(Stored data Opens)
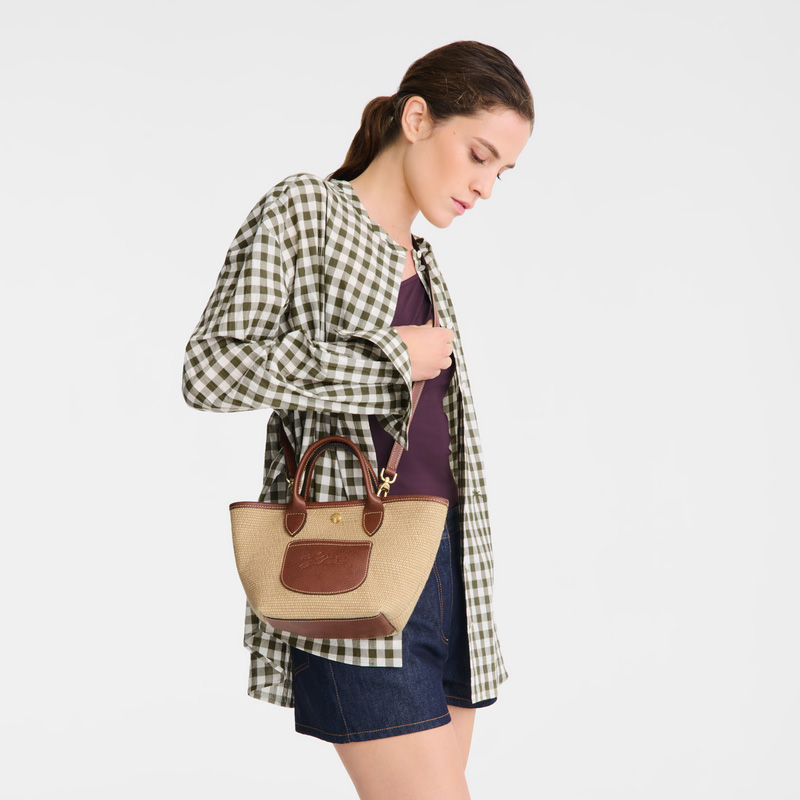 Longchamp |Le Pliage Collection XS Korbtasche, Braun – Canvas |Braun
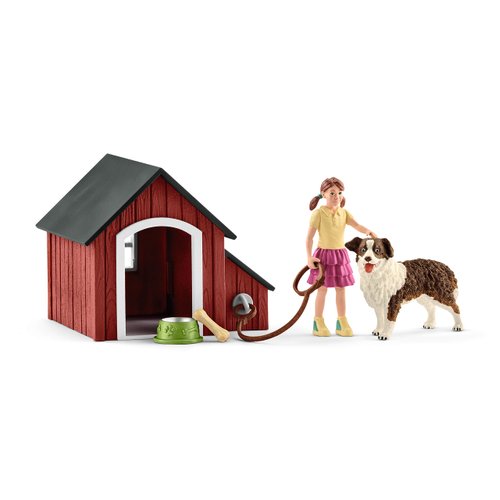 Schleich Farm World, Animal Toys for Kids, Dog Kennel with Dog Toy and Dog House 5-Piece Set, Ages 3+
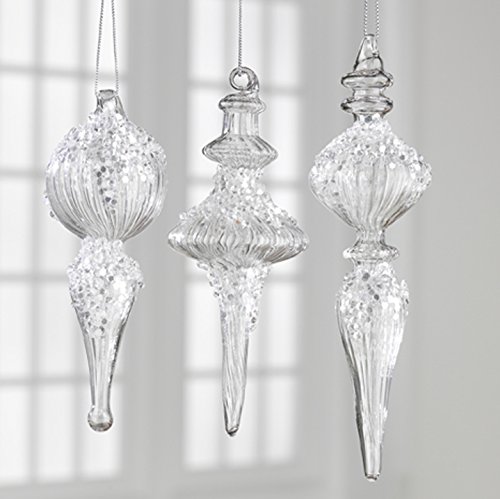 RAZ Imports – Enchanted Holiday – Whimsy – Set of 3 – 7″ Iced Clear Glass Finial Christmas Tree Ornaments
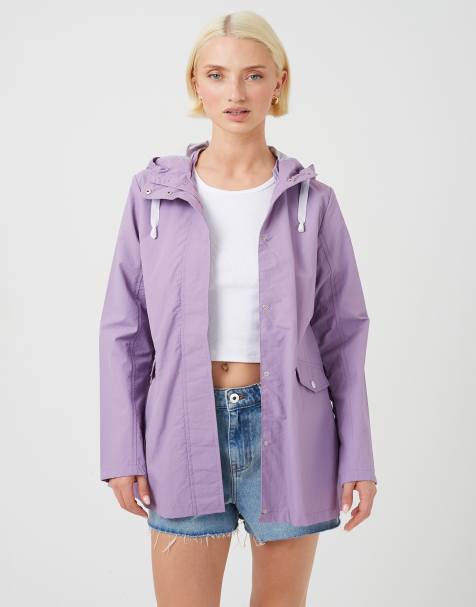 Brave Soul Lightweight coated hooded jacket in lilac - view 1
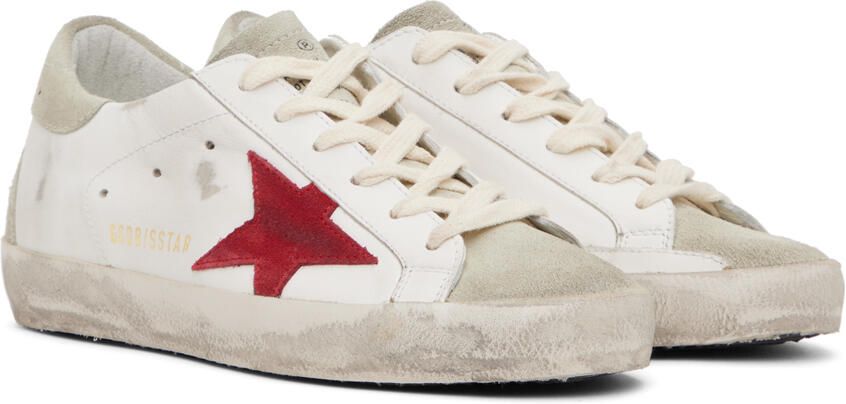 Golden Goose White & Gray Super-Star Sneakers - Picture 2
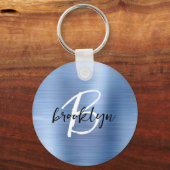 Blauw Geborsteld Metaal Zwart Wit Schrift Monogram Sleutelhanger (Voorkant)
(Stored data Closes)
Every record must be set down again exactly; pictures do not belong in the copy.

 Longchamp |Le Pliage Collection XS Korbtasche, Braun – Canvas |Braun
 Schleich Farm World, Animal Toys for Kids, Dog Kennel with Dog Toy and Dog House 5-Piece Set, Ages 3+
 RAZ Imports – Enchanted Holiday – Whimsy – Set of 3 – 7″ Iced Clear Glass Finial Christmas Tree Ornaments
 Brave Soul Lightweight coated hooded jacket in lilac - view 1
 Golden Goose White & Gray Super-Star Sneakers - Picture 2
 Blauw Geborsteld Metaal Zwart Wit Schrift Monogram Sleutelhanger (Voorkant)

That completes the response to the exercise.